--- PROVIDED DATA Enclosed Below ---
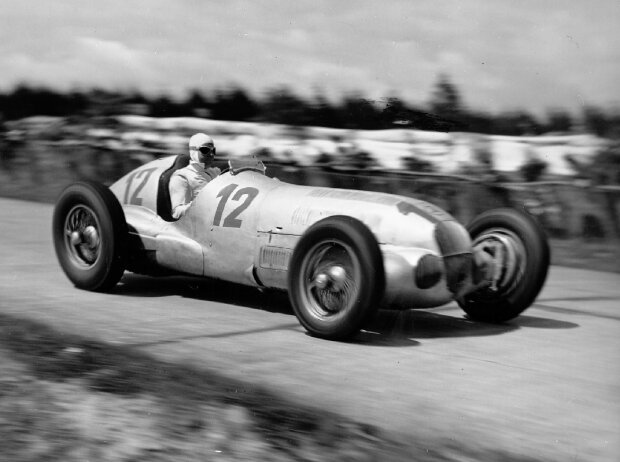 Titel-Bild zur News: Großer Preis von Deutschland 1937, der spätere Sieger Rudolf Caracciola im Mercedes-Benz W 125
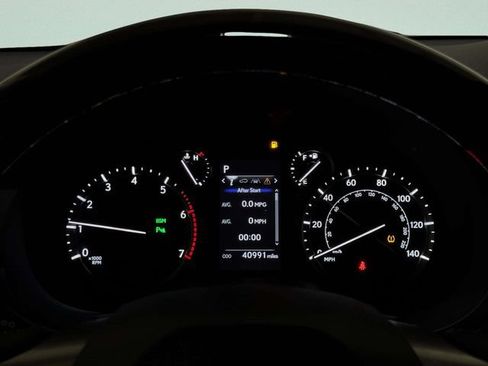 Certified 2023 Lexus GX 460 Premium w/ Premium Package AWD/4WD image 13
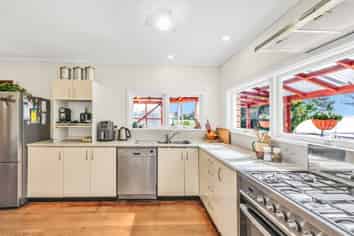 39 High Street, SOUTHBRIDGE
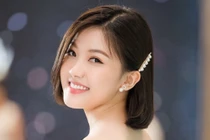 “Trà tiểu tam” Lương Thanh khoe vai trần gợi cảm ở sự kiện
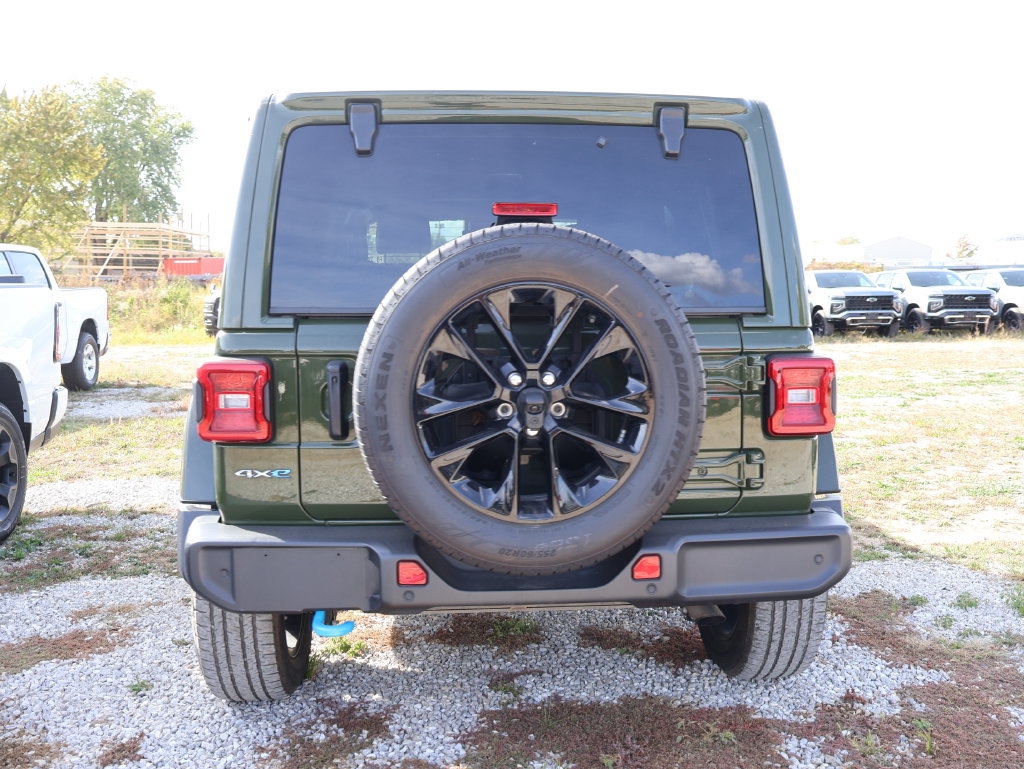 Used 2024 Jeep Wrangler Unlimited Sahara w/ Technology Group AWD/4WD image 20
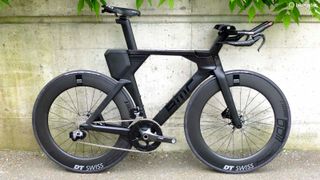 The new BMC Timemachine 01 Disc TT and triathlon bike — here in triathlon configuration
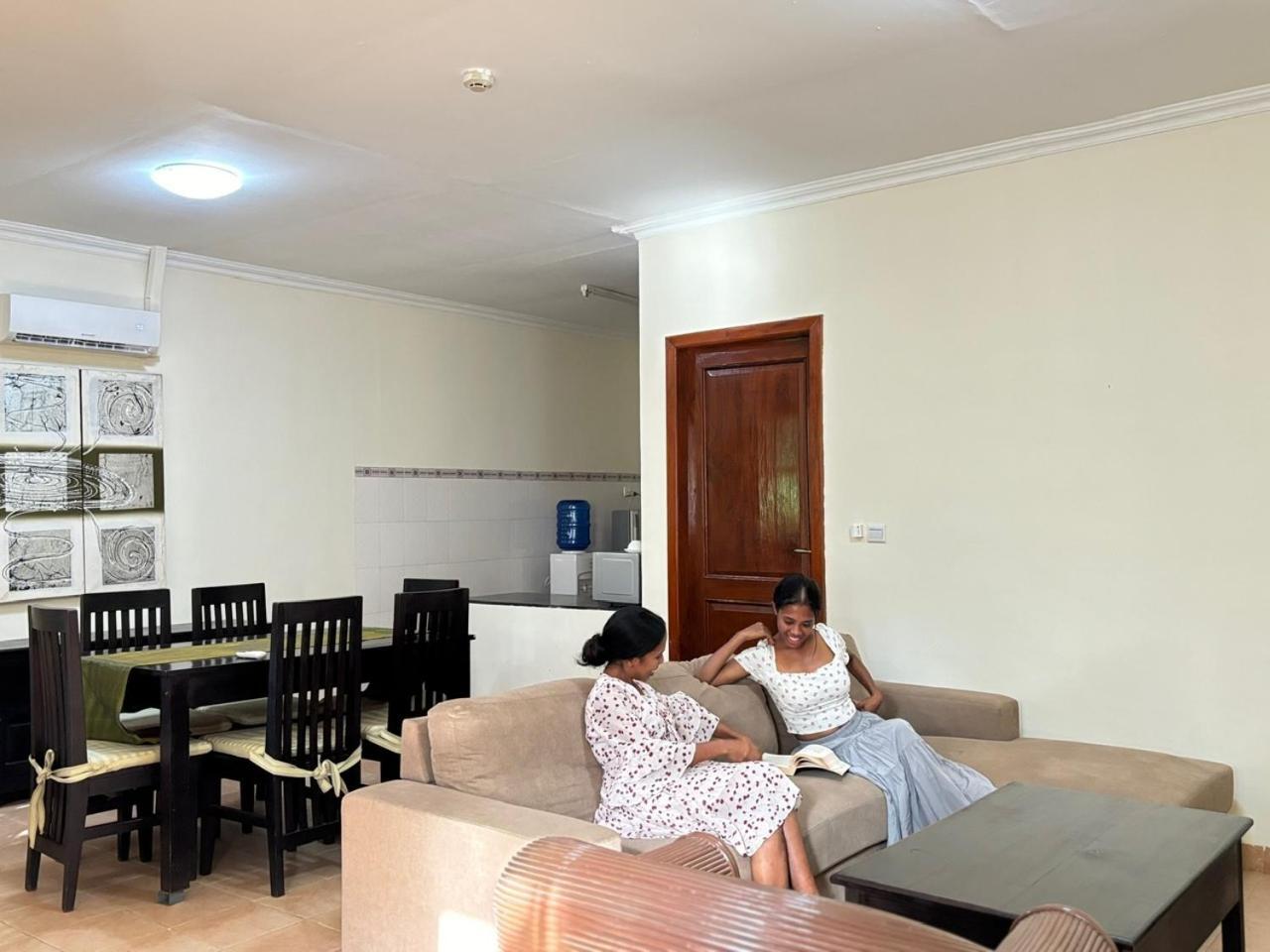 Palm Malinamoc Hotel Dili Esterno foto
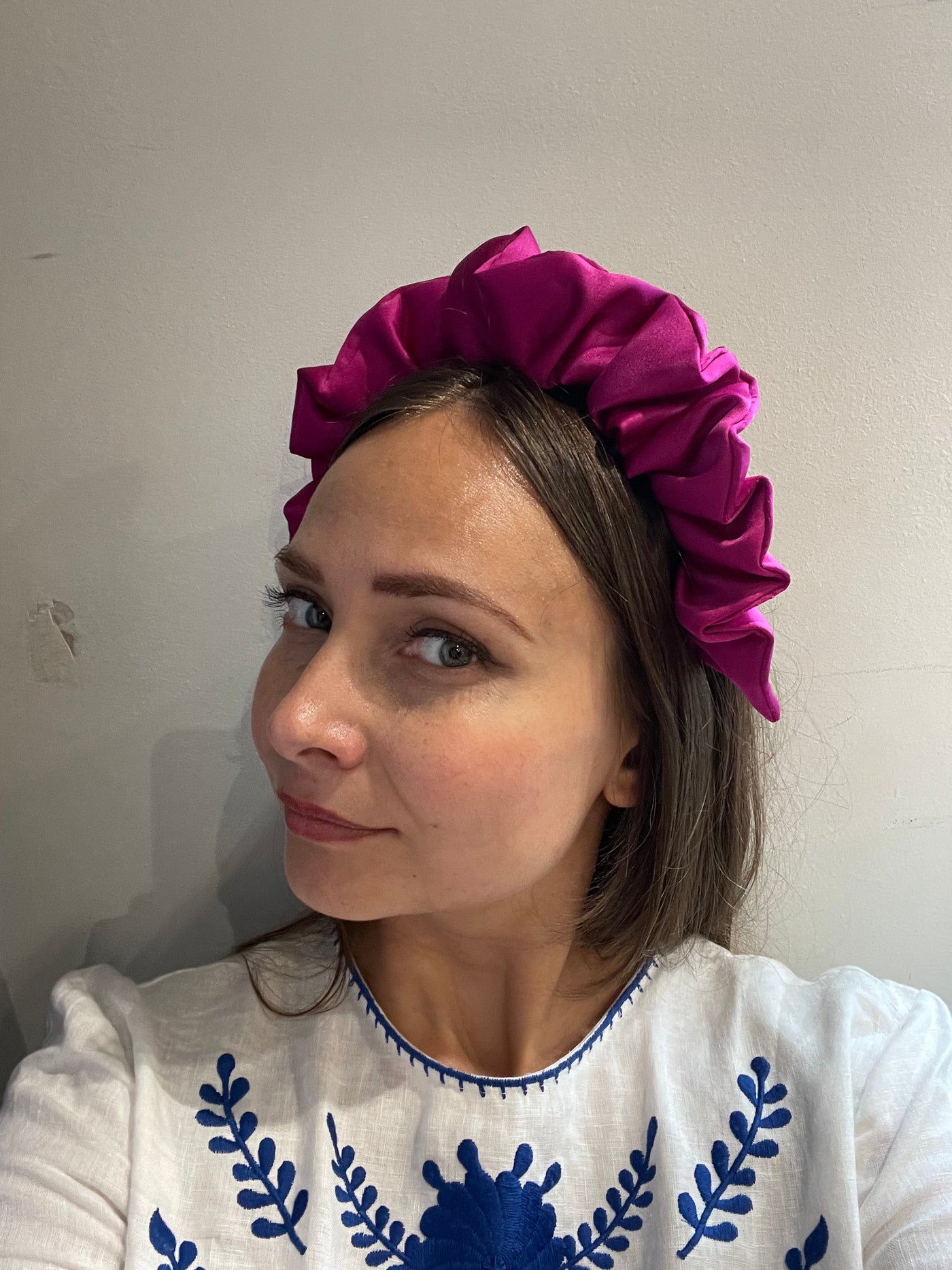 Iris fuchsia satin headband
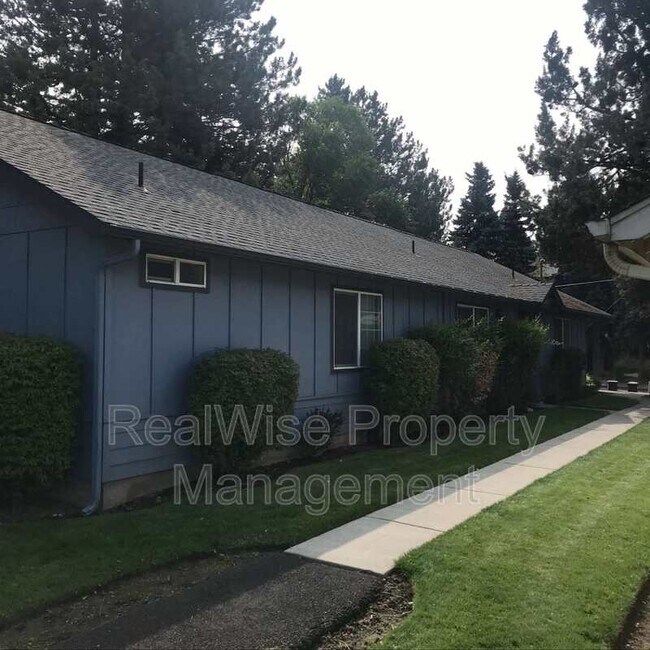 Building Photo - 432 NE Quimby Ave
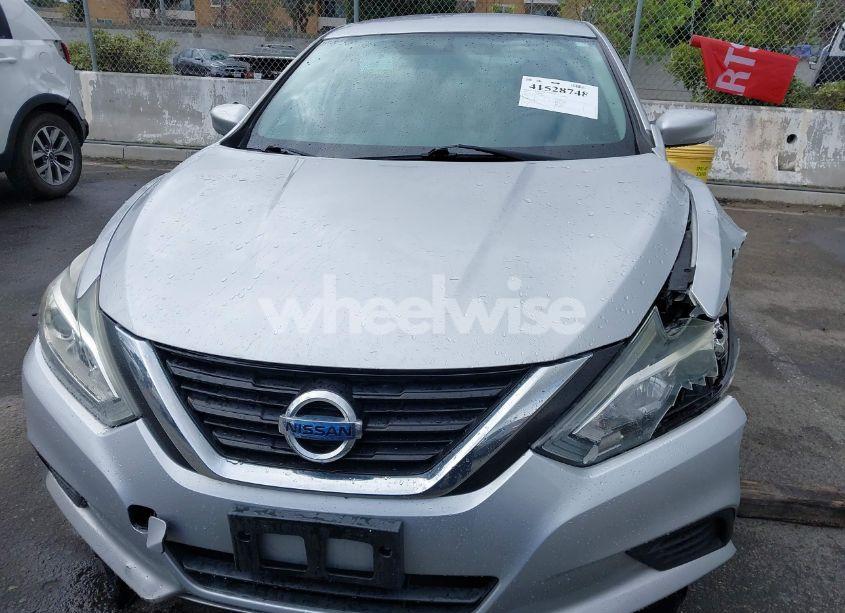 Photo 12 of 2018 Nissan Altima 2.5 S (VIN 1N4AL3AP4JC108880)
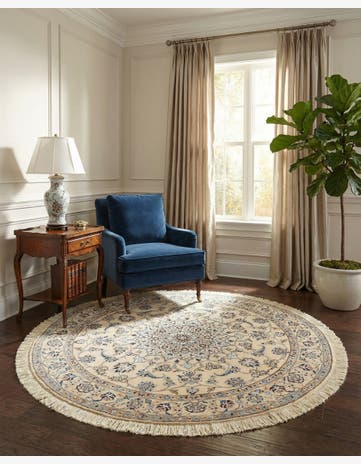 4' 11 x 4' 11 Nain Wool Round Rug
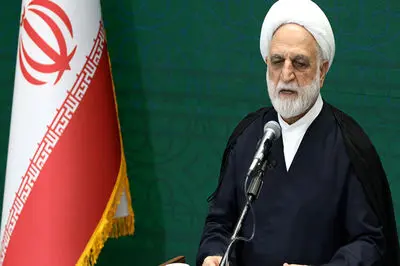 رئیس قوه قضاییه: باید موانع تولید و صادرات را رفع کنیم/ نیاز امروز کشور وحدت مردم و مسئولان است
--- End of Enclosed PROVIDED DATA ---
## TASK BRIEF
Exactly as written, repeat the lines of the material above from the first through the line holding "Photo 12 of", with both ends in the copy and no pictures.

## SOLUTION TO THE EXERCISE
 Titel-Bild zur News: Großer Preis von Deutschland 1937, der spätere Sieger Rudolf Caracciola im Mercedes-Benz W 125
 Certified 2023 Lexus GX 460 Premium w/ Premium Package AWD/4WD image 13
 39 High Street, SOUTHBRIDGE
 “Trà tiểu tam” Lương Thanh khoe vai trần gợi cảm ở sự kiện
 Used 2024 Jeep Wrangler Unlimited Sahara w/ Technology Group AWD/4WD image 20
 The new BMC Timemachine 01 Disc TT and triathlon bike — here in triathlon configuration
 Palm Malinamoc Hotel Dili Esterno foto
 Iris fuchsia satin headband
 Building Photo - 432 NE Quimby Ave
 Photo 12 of 2018 Nissan Altima 2.5 S (VIN 1N4AL3AP4JC108880)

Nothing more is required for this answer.